Accueil > Actualités > Opinions • • mercredi 26 décembre 2018 à 23h55min
Tribune : Le message de nouvel an de Alfred Bewindin SAWADOGO du Mouvement de Réflexion  sur les Opportunités de Développement du Burkina Fas

J’écris ces quelques mots à l’endroit de mes concitoyens, les dignes filles et fils de ce beau pays qu’est le Burkina Faso. Il n’est pas rare de lire des lettres ouvertes adressées au président ; mais j’ai délibérément choisi de ne pas m’adresser au chef de l’Etat. C’est plutôt aux citoyens, aux hommes et femmes burkinabè qui portent le Burkina dans leur cœur et par leurs bras, qu’est destiné ce message à l’occasion du nouvel an.
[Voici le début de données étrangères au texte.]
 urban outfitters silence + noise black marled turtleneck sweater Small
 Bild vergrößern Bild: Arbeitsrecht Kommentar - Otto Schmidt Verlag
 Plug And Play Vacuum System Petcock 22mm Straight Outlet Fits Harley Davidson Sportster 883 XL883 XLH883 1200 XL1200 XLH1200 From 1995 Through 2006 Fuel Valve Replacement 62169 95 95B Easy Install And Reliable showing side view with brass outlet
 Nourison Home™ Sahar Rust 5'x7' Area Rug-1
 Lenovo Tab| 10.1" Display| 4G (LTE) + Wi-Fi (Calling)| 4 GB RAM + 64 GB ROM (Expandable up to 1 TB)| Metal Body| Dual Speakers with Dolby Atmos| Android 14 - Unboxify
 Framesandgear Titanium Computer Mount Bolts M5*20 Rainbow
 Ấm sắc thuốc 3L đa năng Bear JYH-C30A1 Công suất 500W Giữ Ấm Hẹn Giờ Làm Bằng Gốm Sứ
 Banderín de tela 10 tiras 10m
Et ce, parce que je demeure profondément convaincu que le développement ne viendra pas de l’Etat, mais il viendra de l’action conjuguée de l’Etat et des forces citoyennes. J’ai toujours perçu le développement, non comme un décret venant du haut, mais plutôt comme une construction laborieusement amorcée et soutenue depuis le bas.

Comme des feuilles mortes qui tombent, les derniers jours de l’année 2018 s’égrènent. Nous voici à l’orée de l’année 2019. Que puis-je nous souhaiter collectivement ?
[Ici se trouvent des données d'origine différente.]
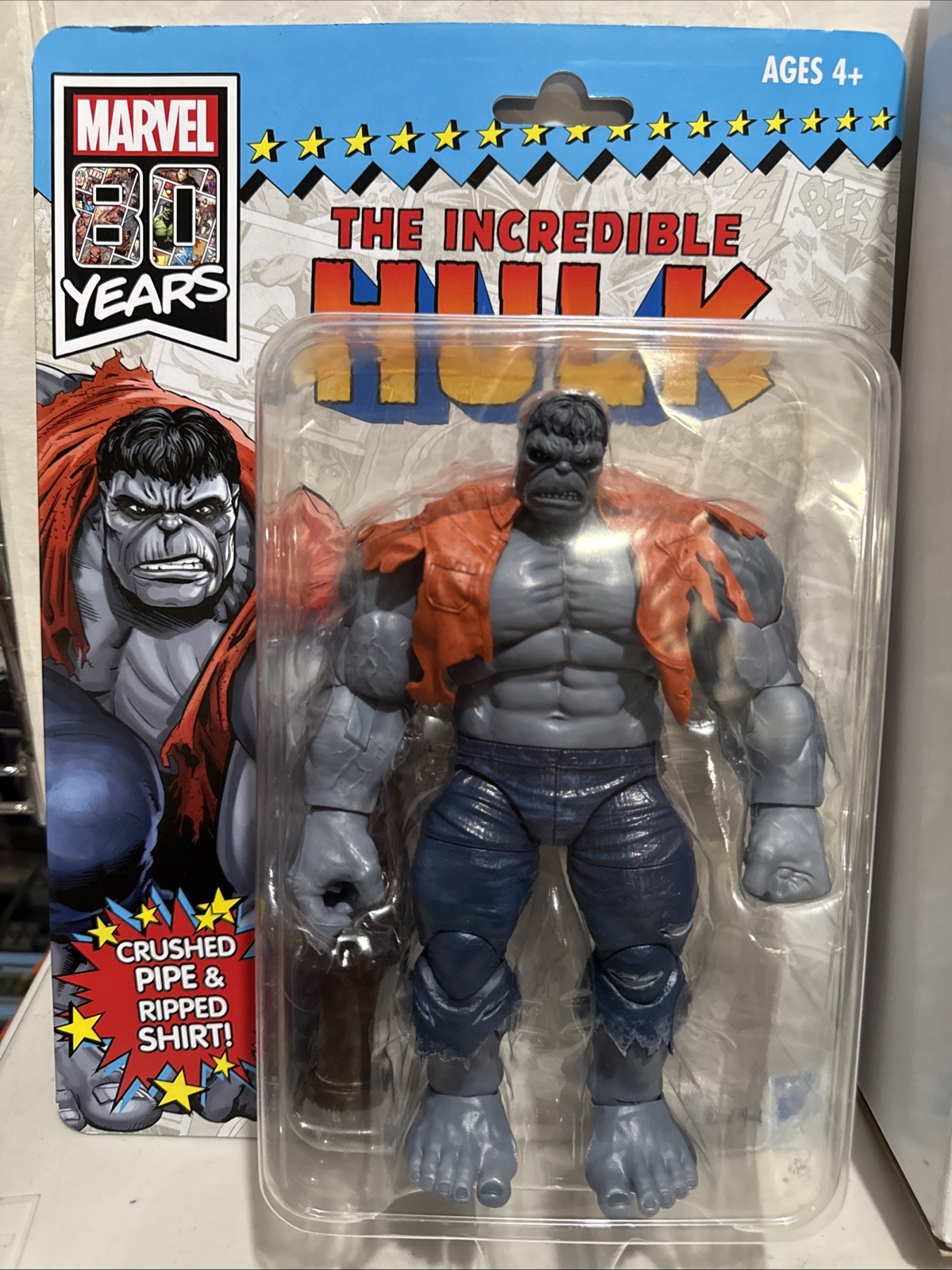 Marvel Incredible Hulk 80 Years Anniversary Gray 8” Figure Exclusive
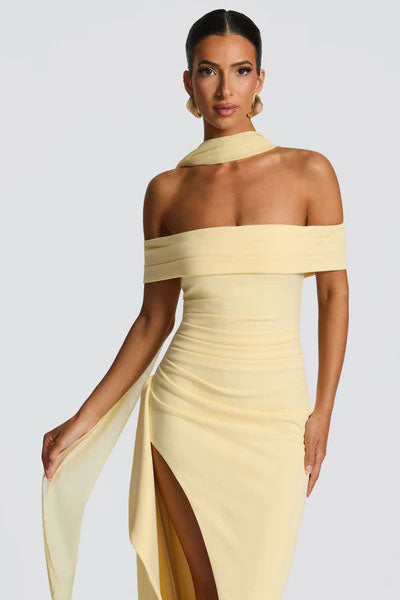 Joyce Maxi Lemon Dress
Ayant suivi de près le débat public durant l’année 2018, je nous souhaite, pour la nouvelle année, d’aller vers plus d’objectivité. Dire que les difficultés que connaît notre pays sont le seul fait d’un groupe ou d’un individu relève du simplisme et d’un manque crucial d’objectivité. Nombre de défis qui se posent actuellement sont complexes et chacun(e) de nous, au lieu de jeter la pierre sur telle personne ou telle autre, sur telle entité ou telle autre, doit identifier et reconnaître sa propre part de responsabilité. La responsabilité est le sentiment qui nous pousse à l’action.
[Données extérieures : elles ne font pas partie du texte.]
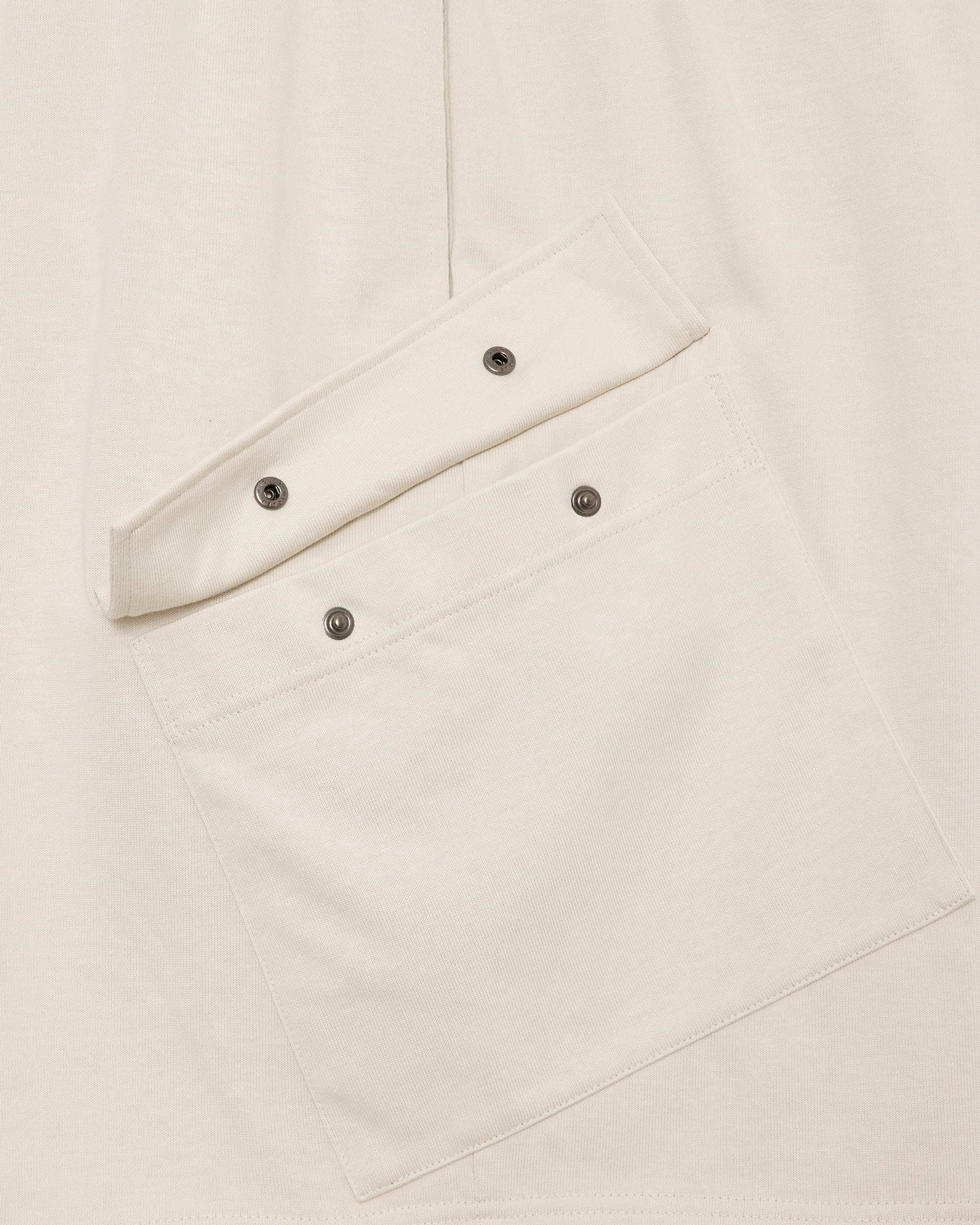 リサイクルスビンオーガニックコットン度詰め天竺 / カーゴショーツ, Off White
Sans elle, nous croisons les bras pour verser dans la victimisation, attendant tout des autres. L’objectivité, c’est également avoir le recul nécessaire, la sagesse minimale pour apprécier/évaluer la marche de notre nation ; dire que le tableau est tout noir (qu’aucun progrès n’est réalisé au Burkina), c’est manquer cruellement d’objectivité ; tout comme claironner que tout est rose au Burkina relève purement et simplement de l’attitude d’un esprit partisan. Puissions-nous analyser, parler et agir dans l’espace public avec moins de passion partisane et plus de discernement.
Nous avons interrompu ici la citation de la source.